Supplied data:
=== Begin Enclosure ===

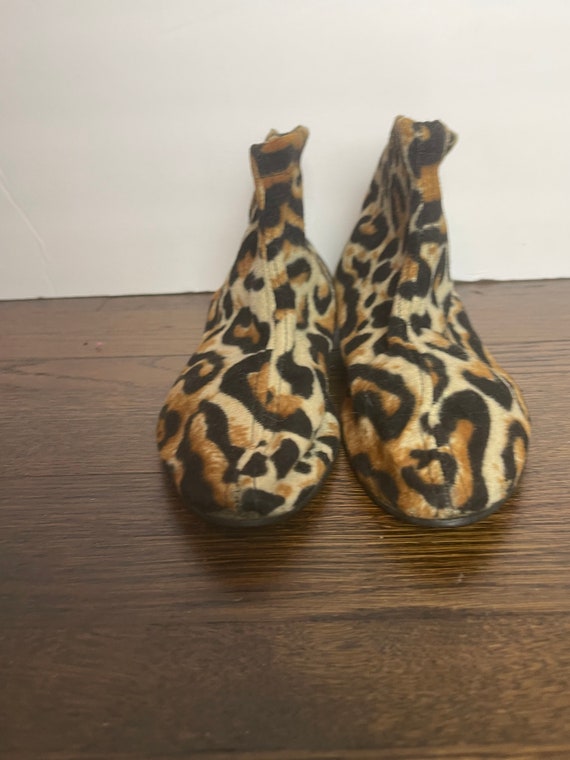 Leopard Steps 1960s 60s Vintage Mod Ankle Boots - image 5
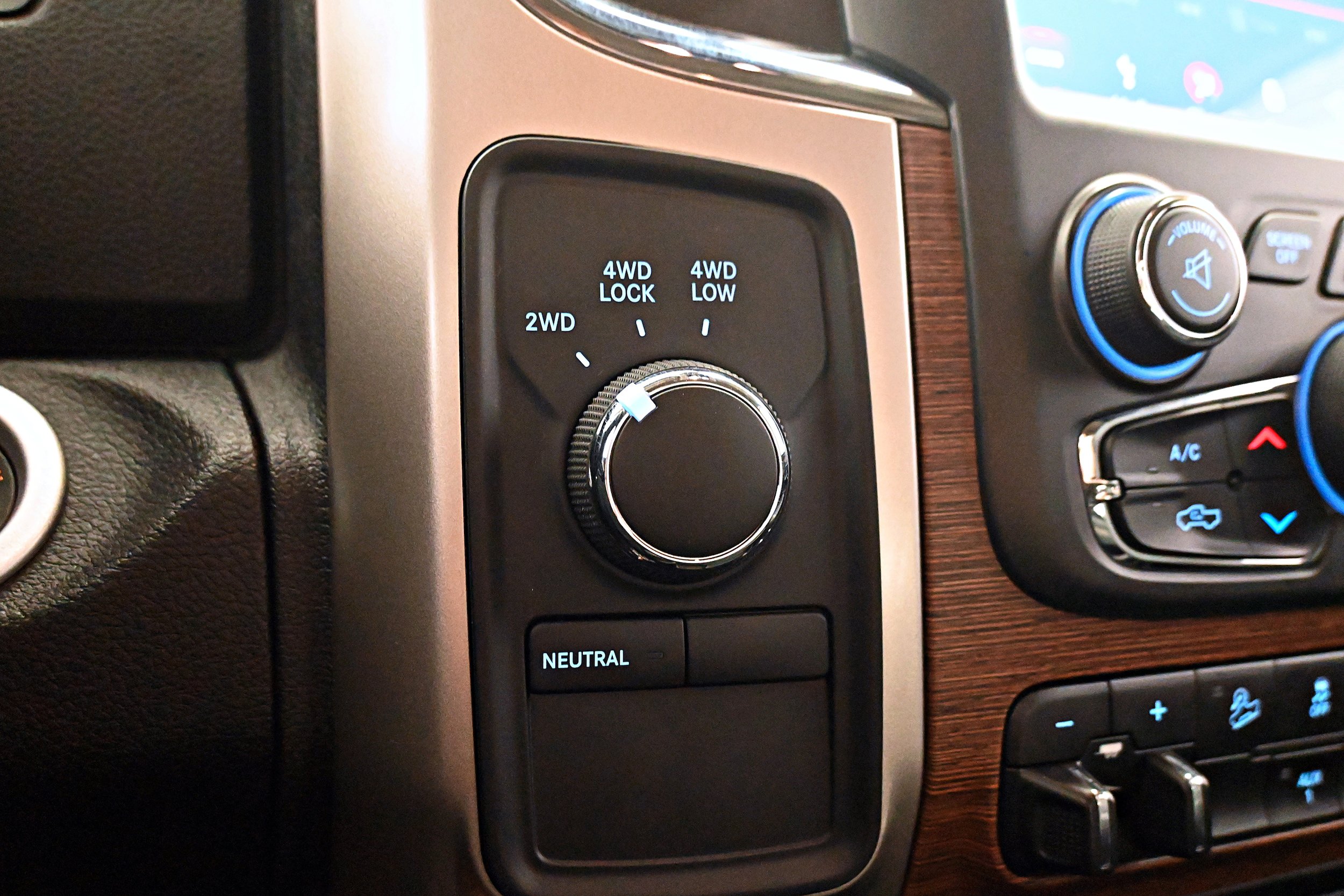 Used 2018 RAM 2500 Laramie w/ Snow Chief Group image 11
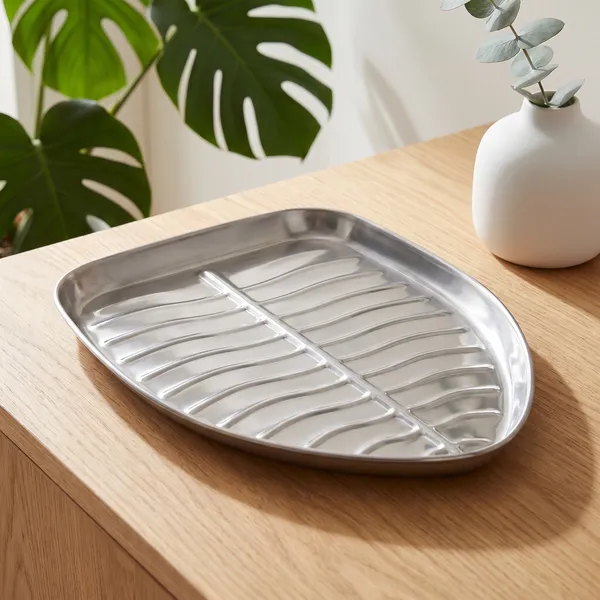 Silver_Stainless_Steel_Leaf_Shaped_Banana_Plates/Dinner_Plates/Lunch_Plates_(11_Inch_Banana_Leaf)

=== End Enclosure ===

Task requirements:
After locating the line with "Used 2018 RAM" in the listing above, transcribe it and every line after it to the last, exactly, with no pictures.

Output for this task:
 Used 2018 RAM 2500 Laramie w/ Snow Chief Group image 11
 Silver_Stainless_Steel_Leaf_Shaped_Banana_Plates/Dinner_Plates/Lunch_Plates_(11_Inch_Banana_Leaf)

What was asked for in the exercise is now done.